**Required work**
Once you reach the line containing "Saucony Shadow 5000" in the data below, restate each line word for word up to and including the one containing "Gameplay menyenangkan FUJIWIN88".

++++ Material supplied ++++

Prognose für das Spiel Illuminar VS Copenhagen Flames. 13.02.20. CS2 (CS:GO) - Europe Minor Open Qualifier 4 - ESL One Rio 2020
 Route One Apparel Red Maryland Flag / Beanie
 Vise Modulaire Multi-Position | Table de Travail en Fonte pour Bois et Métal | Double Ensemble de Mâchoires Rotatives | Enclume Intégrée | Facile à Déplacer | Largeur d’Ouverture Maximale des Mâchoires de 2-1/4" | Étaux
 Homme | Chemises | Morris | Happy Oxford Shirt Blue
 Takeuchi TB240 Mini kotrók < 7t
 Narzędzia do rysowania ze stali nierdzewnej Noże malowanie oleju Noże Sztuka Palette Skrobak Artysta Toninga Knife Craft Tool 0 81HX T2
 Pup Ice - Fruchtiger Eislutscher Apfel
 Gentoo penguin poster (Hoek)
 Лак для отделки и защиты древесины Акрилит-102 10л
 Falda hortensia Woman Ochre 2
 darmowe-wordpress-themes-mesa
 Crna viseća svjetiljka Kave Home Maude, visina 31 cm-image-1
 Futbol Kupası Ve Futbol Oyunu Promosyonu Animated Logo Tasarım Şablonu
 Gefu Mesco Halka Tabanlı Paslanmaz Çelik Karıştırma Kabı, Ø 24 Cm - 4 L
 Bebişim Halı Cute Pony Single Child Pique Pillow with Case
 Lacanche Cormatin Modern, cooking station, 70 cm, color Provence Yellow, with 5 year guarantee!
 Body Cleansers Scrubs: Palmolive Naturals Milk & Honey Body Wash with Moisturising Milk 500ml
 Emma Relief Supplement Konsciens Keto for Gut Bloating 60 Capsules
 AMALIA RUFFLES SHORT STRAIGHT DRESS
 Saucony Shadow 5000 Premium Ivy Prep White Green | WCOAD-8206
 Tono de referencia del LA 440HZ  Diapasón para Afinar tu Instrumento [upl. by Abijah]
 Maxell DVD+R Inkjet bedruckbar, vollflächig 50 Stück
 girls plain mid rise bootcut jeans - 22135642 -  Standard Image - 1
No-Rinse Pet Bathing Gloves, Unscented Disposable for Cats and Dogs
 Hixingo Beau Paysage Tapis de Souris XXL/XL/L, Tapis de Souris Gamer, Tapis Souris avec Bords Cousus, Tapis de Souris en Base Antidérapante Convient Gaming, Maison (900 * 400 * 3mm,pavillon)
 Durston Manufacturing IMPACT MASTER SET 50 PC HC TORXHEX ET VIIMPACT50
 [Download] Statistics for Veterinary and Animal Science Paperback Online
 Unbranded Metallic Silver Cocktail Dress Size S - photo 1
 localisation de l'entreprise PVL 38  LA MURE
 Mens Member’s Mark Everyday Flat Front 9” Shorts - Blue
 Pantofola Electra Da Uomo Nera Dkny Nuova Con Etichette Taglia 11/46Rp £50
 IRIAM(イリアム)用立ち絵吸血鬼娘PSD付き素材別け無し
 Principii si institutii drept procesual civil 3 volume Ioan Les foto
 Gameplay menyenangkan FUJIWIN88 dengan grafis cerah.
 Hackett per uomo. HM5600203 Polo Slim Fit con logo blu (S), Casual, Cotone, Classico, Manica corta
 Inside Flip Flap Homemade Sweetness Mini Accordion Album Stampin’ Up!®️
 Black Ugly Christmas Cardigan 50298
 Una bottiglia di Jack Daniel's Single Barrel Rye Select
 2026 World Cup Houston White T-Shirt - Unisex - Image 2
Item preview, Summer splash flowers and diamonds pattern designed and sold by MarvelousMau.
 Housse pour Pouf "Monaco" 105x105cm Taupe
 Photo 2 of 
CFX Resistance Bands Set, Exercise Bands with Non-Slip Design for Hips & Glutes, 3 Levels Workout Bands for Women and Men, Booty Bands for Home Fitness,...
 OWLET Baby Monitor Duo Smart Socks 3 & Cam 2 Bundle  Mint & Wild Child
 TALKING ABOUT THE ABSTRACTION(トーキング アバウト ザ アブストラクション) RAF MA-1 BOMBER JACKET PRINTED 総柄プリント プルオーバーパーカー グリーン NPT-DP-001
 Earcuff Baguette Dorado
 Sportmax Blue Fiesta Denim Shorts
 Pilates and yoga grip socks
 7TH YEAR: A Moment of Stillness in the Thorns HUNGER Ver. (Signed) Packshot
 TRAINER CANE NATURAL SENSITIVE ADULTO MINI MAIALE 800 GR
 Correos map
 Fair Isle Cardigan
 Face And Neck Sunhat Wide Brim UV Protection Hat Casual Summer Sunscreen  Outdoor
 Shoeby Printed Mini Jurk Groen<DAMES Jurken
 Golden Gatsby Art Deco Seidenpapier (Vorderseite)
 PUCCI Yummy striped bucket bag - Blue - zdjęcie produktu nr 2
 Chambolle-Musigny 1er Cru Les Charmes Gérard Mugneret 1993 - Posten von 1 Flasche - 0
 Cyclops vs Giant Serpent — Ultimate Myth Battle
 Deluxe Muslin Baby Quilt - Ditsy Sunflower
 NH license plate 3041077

++++

**Answer for the task**
 Saucony Shadow 5000 Premium Ivy Prep White Green | WCOAD-8206
 Tono de referencia del LA 440HZ  Diapasón para Afinar tu Instrumento [upl. by Abijah]
 Maxell DVD+R Inkjet bedruckbar, vollflächig 50 Stück
 girls plain mid rise bootcut jeans - 22135642 -  Standard Image - 1
No-Rinse Pet Bathing Gloves, Unscented Disposable for Cats and Dogs
 Hixingo Beau Paysage Tapis de Souris XXL/XL/L, Tapis de Souris Gamer, Tapis Souris avec Bords Cousus, Tapis de Souris en Base Antidérapante Convient Gaming, Maison (900 * 400 * 3mm,pavillon)
 Durston Manufacturing IMPACT MASTER SET 50 PC HC TORXHEX ET VIIMPACT50
 [Download] Statistics for Veterinary and Animal Science Paperback Online
 Unbranded Metallic Silver Cocktail Dress Size S - photo 1
 localisation de l'entreprise PVL 38  LA MURE
 Mens Member’s Mark Everyday Flat Front 9” Shorts - Blue
 Pantofola Electra Da Uomo Nera Dkny Nuova Con Etichette Taglia 11/46Rp £50
 IRIAM(イリアム)用立ち絵吸血鬼娘PSD付き素材別け無し
 Principii si institutii drept procesual civil 3 volume Ioan Les foto
 Gameplay menyenangkan FUJIWIN88 dengan grafis cerah.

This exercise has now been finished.